REORIENTASI PASCA 212


Orientasi 212 bila mau ditarik sebagai awal perubahan dan hijrah untuk negeri, maka
tidaklah tepat bila ekonomi dijadikan dasar perubahan. Sebagaimana sejarah
menunjukkan kehancuran negara ini karena pilihan dan orientasi negara
mengarahkan ekonomi sebagai panglima Orde Baru. Demikian pula dengan pilihan
politik sebagai panglima sebagaimana juga sejarah menunjukkan kehancuran Orde
Lama. Kini, Orde Reformasi menggabungkan desain politik dan ekonomi sebagai
panglimanya. Jadi sebenarnya di sinilah letak kesalahan mendasar dari paradigma
pembangunan negeri. Apakah perlu melihat dengan cara pandang baru? Misalnya
dengan melakukan resetting pikiran dalam bingkai konstruksi kebudayaan, sebagai
panglima?

Kalau alumni 212 melakukan aksi hanya bersifat material antisipatif melalui gerakan
ekonomi syariah, sepertinya nanti akan mengulangi kesalahan sejarah lagi. Artinya,
boleh dan wajib konstruksi politik ekonomi itu dilakukan, tetapi keduanya harus
dalam bingkai besar redesain atas positioning kebudayaan sebagai payungnya.
Yang saya maksud dengan desain itu adalah kebudayaan bermarwah
masjid. Bukannya sedang melawan pragmatisme jaman, dan, karenanya juga, dan
tetap yakin, Tauhid tak bisa bercanda dengan jamannya, Tauhid selalu tegas
menegasikan ilah-ilah, berhala-berhala dunia, sekaligus menegaskan Ilah Yang Esa.

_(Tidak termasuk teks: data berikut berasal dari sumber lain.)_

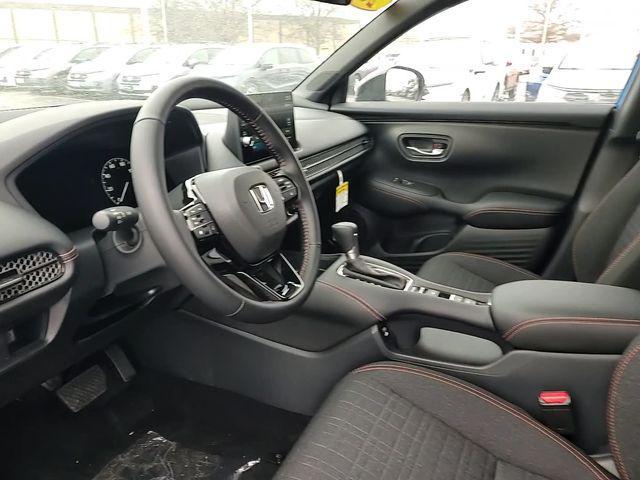 new 2026 Honda HR-V car, priced at $30,431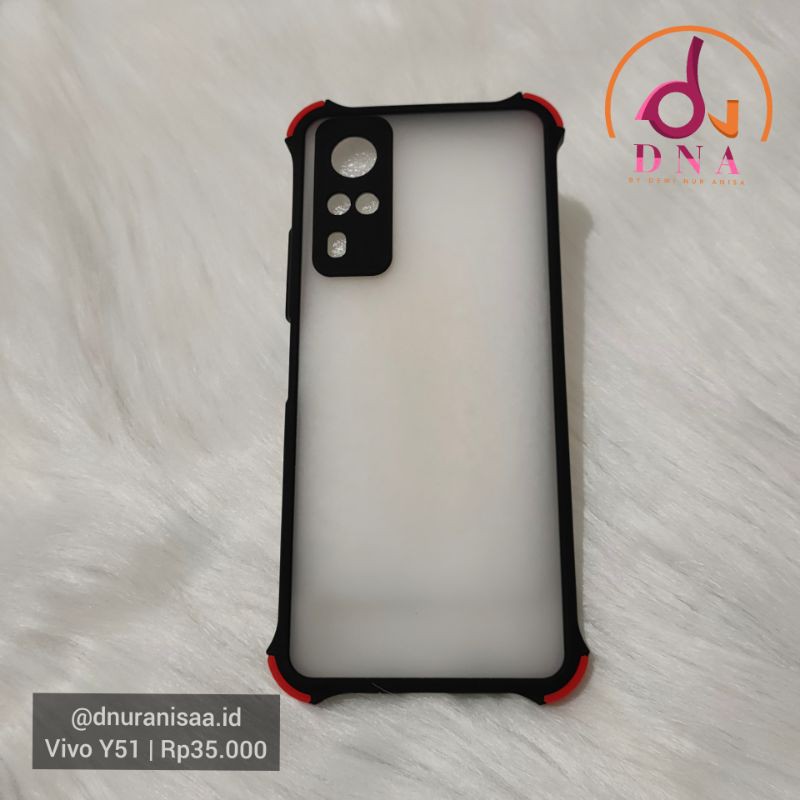 Silikon Vivo y51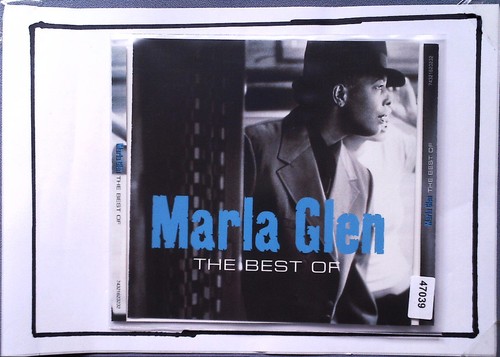 Marla glen the best - glen, of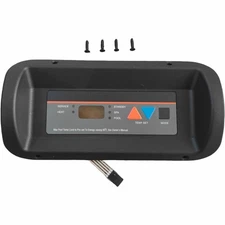 FDXLBKP1930 Bezel Keypad Assembly Replacement For Hayward H-Series Pool Heater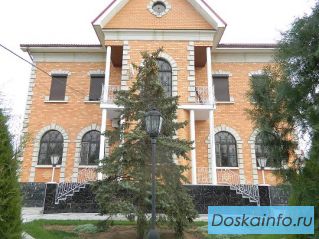 Дом г.Волжский п.Южный пл.500 кв.м.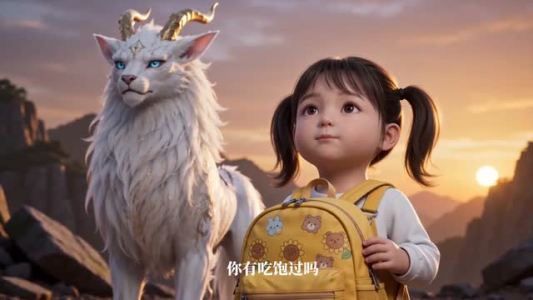 奶团子误入山海经第一季(52集) 奶团子误入山海经第一季(52集)短剧太精彩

Apalagi bila kita melihat bahwa gagasan negara berkemakmuran dan


berkesejahteraan yang dilakukan oleh Eropa Barat dan Amerika, dan sekarang juga
dilakukan oleh Cina bahkan negeri ini menirunya habis-habisan. Semua refleksinya
dioerientasikan pada materialisasi berbentuk angka-angka dan statistik apa itu yang
disebut Indonesia makmur dan sejahtera, pertumbuhan ekonomi, termasuk outlook
ekonomi tahunan yang gencar digelontorkan seperti menjelang akhir tahun gini ini
atau bahkan kalau ada itu outlook sosial masyarakat, dan lain sebagainya. Semua
ya semuanya memang takluk pada logika gagasan Evolusi Institusi Inklusif, potret
kesejahteraan Neoliberalisme berbasis Materialisme Individual.

Saya merasa kurang pas dengan cara pandang kemakmuran dan kesejahteraan
karena diukur berdasarkan kemapanan materi, kecukupan sandang papan,
kesehatan diri dan keluarga, serta kreativitas aktivitas bisnis yang menjamin
kebebasan mengakses ladang-ladang ekonomi masyarakat dan lingkungan
alamnya, bahkan lebih jauh kebebasan mengakses kebahagiaan tanpa dibatasi
moralitas bahkan kaidah-kaidah kebaikan, apalagi agama.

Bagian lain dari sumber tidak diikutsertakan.